EXTRACTED INFORMATION:

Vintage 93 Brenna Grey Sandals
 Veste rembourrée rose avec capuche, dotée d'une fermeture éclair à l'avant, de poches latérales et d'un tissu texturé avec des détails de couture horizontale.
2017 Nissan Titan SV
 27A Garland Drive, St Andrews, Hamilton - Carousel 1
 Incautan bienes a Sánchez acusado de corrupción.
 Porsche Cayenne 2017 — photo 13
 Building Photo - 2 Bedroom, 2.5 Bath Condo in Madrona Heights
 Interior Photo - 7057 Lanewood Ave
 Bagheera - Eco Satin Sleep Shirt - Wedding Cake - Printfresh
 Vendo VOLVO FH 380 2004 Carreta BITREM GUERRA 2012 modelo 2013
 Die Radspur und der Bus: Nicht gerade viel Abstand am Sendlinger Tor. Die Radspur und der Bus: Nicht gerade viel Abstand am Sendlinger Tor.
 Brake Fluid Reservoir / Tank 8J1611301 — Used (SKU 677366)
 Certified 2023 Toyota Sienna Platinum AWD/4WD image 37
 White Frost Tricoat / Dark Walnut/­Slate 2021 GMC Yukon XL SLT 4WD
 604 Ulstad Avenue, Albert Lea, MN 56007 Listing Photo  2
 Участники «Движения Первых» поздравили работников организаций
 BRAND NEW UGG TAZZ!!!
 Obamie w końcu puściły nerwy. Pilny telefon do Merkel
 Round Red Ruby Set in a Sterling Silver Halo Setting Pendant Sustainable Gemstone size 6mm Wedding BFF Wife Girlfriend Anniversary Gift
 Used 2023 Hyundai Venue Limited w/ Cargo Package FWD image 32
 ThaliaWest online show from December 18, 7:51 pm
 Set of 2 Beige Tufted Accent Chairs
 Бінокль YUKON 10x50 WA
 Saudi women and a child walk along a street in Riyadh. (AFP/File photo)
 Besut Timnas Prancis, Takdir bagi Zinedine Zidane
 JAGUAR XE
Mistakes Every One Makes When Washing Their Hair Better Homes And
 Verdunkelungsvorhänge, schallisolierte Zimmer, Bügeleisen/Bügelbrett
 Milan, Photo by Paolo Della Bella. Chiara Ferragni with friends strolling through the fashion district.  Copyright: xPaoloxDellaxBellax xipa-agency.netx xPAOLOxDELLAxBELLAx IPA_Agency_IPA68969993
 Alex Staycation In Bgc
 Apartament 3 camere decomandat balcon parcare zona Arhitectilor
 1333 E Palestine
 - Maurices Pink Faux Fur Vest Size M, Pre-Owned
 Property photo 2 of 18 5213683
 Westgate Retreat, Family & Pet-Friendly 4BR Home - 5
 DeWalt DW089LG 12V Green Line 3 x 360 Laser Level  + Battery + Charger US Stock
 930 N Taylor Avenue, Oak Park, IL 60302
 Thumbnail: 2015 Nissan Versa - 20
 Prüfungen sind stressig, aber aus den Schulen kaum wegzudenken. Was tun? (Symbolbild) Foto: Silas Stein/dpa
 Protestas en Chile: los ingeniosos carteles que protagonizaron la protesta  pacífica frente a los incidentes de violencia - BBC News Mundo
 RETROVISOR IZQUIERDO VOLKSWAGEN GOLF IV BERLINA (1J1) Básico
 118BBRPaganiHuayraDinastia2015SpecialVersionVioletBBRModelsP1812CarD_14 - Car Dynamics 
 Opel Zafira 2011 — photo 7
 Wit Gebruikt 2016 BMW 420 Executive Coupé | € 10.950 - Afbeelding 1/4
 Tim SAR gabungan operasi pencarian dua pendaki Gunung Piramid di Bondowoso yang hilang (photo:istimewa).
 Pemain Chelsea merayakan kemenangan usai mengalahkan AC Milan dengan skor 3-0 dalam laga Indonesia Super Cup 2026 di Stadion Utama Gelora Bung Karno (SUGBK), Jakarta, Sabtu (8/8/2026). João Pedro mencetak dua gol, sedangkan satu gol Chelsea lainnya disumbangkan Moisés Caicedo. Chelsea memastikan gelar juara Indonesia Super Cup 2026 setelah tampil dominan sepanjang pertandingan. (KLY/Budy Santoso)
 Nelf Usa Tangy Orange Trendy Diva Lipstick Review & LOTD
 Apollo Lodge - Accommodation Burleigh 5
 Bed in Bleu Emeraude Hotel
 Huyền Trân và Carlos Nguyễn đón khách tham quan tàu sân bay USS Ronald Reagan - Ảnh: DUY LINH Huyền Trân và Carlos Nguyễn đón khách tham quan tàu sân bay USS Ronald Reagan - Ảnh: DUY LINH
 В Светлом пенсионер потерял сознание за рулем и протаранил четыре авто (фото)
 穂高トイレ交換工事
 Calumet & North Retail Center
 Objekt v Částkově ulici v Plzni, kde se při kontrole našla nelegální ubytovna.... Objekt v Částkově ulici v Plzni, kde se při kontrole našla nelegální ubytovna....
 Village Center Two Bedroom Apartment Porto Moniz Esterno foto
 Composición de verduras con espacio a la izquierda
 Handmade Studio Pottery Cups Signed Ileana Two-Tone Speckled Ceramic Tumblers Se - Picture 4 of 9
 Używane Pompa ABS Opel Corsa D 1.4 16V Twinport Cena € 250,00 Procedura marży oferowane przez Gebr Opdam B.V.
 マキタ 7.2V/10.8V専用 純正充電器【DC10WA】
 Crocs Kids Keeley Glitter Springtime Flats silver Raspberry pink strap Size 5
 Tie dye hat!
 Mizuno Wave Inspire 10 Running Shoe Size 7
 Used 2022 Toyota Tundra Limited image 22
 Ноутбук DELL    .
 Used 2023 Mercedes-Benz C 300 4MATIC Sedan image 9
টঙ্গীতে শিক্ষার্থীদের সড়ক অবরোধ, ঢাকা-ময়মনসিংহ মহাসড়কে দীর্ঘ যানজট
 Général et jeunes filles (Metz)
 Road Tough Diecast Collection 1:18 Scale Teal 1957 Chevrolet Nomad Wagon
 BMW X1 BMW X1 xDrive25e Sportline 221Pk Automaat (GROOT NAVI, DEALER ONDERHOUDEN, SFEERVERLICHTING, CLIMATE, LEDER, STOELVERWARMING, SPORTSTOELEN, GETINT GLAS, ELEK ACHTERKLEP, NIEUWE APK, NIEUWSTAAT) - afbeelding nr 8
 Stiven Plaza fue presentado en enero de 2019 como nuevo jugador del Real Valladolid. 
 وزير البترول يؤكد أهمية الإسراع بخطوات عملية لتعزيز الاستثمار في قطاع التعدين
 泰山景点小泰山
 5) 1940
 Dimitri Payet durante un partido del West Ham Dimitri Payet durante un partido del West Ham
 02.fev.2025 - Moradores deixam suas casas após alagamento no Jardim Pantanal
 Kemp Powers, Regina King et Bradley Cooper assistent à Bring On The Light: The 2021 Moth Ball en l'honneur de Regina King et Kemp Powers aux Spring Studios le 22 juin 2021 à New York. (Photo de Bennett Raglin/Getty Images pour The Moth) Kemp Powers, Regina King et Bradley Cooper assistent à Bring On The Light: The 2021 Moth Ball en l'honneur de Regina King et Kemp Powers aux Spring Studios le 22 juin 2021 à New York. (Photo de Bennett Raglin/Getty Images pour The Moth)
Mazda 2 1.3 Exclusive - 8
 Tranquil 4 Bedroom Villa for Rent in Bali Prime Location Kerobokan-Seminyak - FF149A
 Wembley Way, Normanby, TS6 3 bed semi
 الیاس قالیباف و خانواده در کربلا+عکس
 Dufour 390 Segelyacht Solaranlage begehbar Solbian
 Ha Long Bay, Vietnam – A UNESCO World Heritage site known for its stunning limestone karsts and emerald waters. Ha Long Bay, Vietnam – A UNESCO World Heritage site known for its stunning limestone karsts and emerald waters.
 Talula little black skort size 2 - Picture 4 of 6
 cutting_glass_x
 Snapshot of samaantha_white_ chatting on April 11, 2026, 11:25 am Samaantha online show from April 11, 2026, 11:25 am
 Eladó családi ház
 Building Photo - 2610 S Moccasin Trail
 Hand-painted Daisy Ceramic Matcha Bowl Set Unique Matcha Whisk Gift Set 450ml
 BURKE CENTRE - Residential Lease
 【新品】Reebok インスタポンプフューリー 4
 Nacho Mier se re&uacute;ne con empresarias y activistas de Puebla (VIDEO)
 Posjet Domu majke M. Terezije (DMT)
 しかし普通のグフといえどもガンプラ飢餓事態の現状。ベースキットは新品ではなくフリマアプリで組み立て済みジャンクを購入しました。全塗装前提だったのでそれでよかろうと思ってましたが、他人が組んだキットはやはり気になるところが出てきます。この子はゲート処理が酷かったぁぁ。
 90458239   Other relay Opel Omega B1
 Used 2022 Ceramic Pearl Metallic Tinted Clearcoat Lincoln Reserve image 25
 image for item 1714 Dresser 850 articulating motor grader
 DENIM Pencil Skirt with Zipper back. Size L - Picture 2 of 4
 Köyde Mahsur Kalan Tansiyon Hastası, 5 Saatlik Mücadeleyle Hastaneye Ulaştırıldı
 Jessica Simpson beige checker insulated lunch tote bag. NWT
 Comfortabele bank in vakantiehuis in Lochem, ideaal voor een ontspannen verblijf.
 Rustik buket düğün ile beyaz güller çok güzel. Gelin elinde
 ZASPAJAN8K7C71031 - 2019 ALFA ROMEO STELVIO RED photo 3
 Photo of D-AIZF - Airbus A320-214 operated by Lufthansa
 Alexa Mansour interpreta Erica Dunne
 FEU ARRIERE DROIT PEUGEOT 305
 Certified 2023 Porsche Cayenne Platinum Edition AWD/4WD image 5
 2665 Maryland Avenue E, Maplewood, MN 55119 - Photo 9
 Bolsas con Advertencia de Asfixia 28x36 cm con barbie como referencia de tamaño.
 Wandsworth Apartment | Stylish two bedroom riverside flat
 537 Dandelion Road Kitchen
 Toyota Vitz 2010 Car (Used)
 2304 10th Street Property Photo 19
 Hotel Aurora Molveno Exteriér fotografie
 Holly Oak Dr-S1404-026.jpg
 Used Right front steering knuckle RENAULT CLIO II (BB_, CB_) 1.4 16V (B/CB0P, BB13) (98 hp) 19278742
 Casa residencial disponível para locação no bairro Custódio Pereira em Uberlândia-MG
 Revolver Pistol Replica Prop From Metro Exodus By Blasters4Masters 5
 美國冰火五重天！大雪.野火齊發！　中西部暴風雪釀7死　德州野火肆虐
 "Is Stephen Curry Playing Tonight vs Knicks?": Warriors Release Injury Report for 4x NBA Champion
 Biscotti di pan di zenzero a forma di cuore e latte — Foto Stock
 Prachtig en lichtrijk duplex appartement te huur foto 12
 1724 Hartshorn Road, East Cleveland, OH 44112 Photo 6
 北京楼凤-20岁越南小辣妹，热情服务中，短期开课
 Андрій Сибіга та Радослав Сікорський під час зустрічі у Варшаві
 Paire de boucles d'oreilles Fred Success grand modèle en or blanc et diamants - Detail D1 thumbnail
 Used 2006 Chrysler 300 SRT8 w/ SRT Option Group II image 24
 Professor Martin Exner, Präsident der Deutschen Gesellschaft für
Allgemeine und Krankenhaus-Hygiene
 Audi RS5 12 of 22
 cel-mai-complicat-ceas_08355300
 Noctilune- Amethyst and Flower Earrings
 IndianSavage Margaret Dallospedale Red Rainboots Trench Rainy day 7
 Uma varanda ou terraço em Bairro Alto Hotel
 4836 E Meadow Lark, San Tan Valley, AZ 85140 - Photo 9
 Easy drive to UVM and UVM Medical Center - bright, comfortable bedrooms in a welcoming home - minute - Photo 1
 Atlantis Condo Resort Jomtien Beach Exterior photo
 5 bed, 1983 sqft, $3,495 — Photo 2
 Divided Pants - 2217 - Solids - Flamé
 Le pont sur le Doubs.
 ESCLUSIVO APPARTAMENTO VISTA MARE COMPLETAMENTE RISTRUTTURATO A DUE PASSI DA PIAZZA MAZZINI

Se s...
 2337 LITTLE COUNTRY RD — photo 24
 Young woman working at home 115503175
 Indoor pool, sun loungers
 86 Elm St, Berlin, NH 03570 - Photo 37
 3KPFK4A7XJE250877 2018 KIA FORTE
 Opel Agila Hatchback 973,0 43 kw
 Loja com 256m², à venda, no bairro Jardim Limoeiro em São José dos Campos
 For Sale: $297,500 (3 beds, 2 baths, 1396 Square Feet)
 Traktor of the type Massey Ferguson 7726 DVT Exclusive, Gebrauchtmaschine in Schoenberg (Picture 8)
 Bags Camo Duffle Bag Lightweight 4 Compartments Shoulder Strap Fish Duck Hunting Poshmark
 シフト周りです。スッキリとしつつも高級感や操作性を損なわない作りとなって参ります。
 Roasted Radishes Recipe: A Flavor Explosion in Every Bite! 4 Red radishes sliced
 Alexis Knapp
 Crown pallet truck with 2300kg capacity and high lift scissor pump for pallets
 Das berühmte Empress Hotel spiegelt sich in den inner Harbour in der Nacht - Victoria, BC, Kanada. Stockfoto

WHAT YOU ARE ASKED TO DO:
Your output is to be the lines of the listing, exact and complete, starting at the first and ending with the line that contains "Set of 2 Beige Tufted Accent Chairs".

SOLUTION:
Vintage 93 Brenna Grey Sandals
 Veste rembourrée rose avec capuche, dotée d'une fermeture éclair à l'avant, de poches latérales et d'un tissu texturé avec des détails de couture horizontale.
2017 Nissan Titan SV
 27A Garland Drive, St Andrews, Hamilton - Carousel 1
 Incautan bienes a Sánchez acusado de corrupción.
 Porsche Cayenne 2017 — photo 13
 Building Photo - 2 Bedroom, 2.5 Bath Condo in Madrona Heights
 Interior Photo - 7057 Lanewood Ave
 Bagheera - Eco Satin Sleep Shirt - Wedding Cake - Printfresh
 Vendo VOLVO FH 380 2004 Carreta BITREM GUERRA 2012 modelo 2013
 Die Radspur und der Bus: Nicht gerade viel Abstand am Sendlinger Tor. Die Radspur und der Bus: Nicht gerade viel Abstand am Sendlinger Tor.
 Brake Fluid Reservoir / Tank 8J1611301 — Used (SKU 677366)
 Certified 2023 Toyota Sienna Platinum AWD/4WD image 37
 White Frost Tricoat / Dark Walnut/­Slate 2021 GMC Yukon XL SLT 4WD
 604 Ulstad Avenue, Albert Lea, MN 56007 Listing Photo  2
 Участники «Движения Первых» поздравили работников организаций
 BRAND NEW UGG TAZZ!!!
 Obamie w końcu puściły nerwy. Pilny telefon do Merkel
 Round Red Ruby Set in a Sterling Silver Halo Setting Pendant Sustainable Gemstone size 6mm Wedding BFF Wife Girlfriend Anniversary Gift
 Used 2023 Hyundai Venue Limited w/ Cargo Package FWD image 32
 ThaliaWest online show from December 18, 7:51 pm
 Set of 2 Beige Tufted Accent Chairs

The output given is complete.